Note: This checklist presents a range of examples and product names to illustrate the various aspects of building technology platforms from scratch. The lists provided are neither complete nor exhaustive. They are intended to serve as relatable references, allowing readers to connect the content with familiar concepts and tools.
Ten Essential Choices for Building Platforms from Scratch
1. Technology Stack Essentials: Choosing the right set of technologies (programming languages, frameworks, databases, etc.) is crucial. This decision impacts not just the initial development but also long-term maintenance and scalability.
- Programming Languages: Java, C#, Python, JavaScript, Ruby, etc.

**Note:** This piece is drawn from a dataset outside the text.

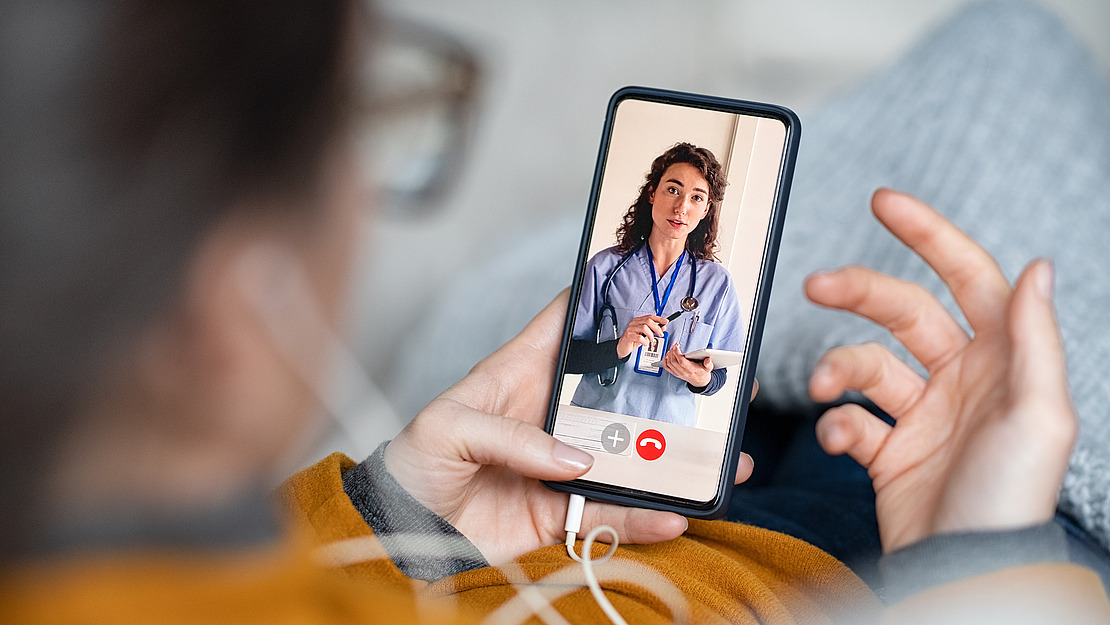 Eine Person, die ein Smartphone in der Hand hält, führt einen Videotelefonanruf an einen Arzt, der einen Kittel und ein Stethoskop trägt und ein Klemmbrett in der Hand hält. Die Person scheint bequem zu sitzen, trägt einen Pullover und Kopfhörer.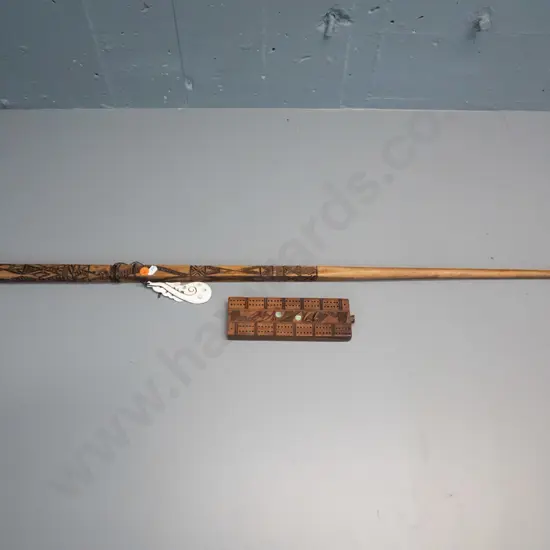 hand carved timber Maori motif "talking stick" & carved bone tiki with paua inset, L1040 & a cribbage board with paua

- Frameworks: React, Angular, Django, .NET, Spring Boot, etc.
- Databases: MySQL, PostgreSQL, MongoDB, Cassandra, Oracle, etc.
- Web Servers: Apache, Nginx, IIS, Azure Web Apps etc.
- DevOps Tools: Docker, Kubernetes, Jenkins, Github, GitLab CI/CD, etc.
- Front-End Technologies: HTML, CSS, Vue.js, Svelte, etc.
- Mobile Development Frameworks: React Native, Flutter, Xamarin, etc.
- API Technologies: REST, GraphQL, gRPC, etc.
- Monitoring and Logging Tools: Prometheus, Grafana, ELK Stack, Splunk, Azure Monitor / Insight, etc.
- Security Tools: OWASP ZAP, Fortify, SonarQube, etc.
- Infrastructure as Code (IaC): Terraform, Ansible, Azure Resource Management (ARM) and Bicep, AWS CloudFormation, etc.
- Project Management: Office tools, JIRA etc.
- Project Requirements - The primary goal of any technology stack is to meet the project's functional and non-functional requirements. For instance, if the project requires heavy data processing, a technology known for its performance (like C# or Java) might be preferable. Similarly, for a web application, JavaScript frameworks like React or Angular are essential (often multiple technologies are needed in different layers, depending on the platform).
- Team Expertise, Community Support - The skill set of the development team greatly influences the choice of technology. Using a technology stack that the team is familiar with can accelerate development and reduce the learning curve. However, it's also important to balance team expertise with the project needs.
- Long-Term Sustainability - Choosing technologies that are likely to be supported and updated in the long term is crucial for the maintainability and scalability of the project. This includes not only the core technology but also libraries and tools.
Metrics: Development speed, performance benchmarks, scalability potential, and compatibility with existing systems.
2. Architecture Design: Deciding on the architecture (monolithic, microservices, serverless, etc.) that best suits the project's needs. This includes considerations for scalability, maintainability, and the ability to integrate with other systems.
- Monolithic Architecture: A single-tiered software application.
- Client-Server Architecture: A model that separates the client (user interface) and server (data storage and processing).
- N-Tier Architecture: A multi-tiered software architecture that separates the presentation, logic, and data layers.
- Layered Architecture: Similar to n-tier, but with more emphasis on the separation of concerns in each layer.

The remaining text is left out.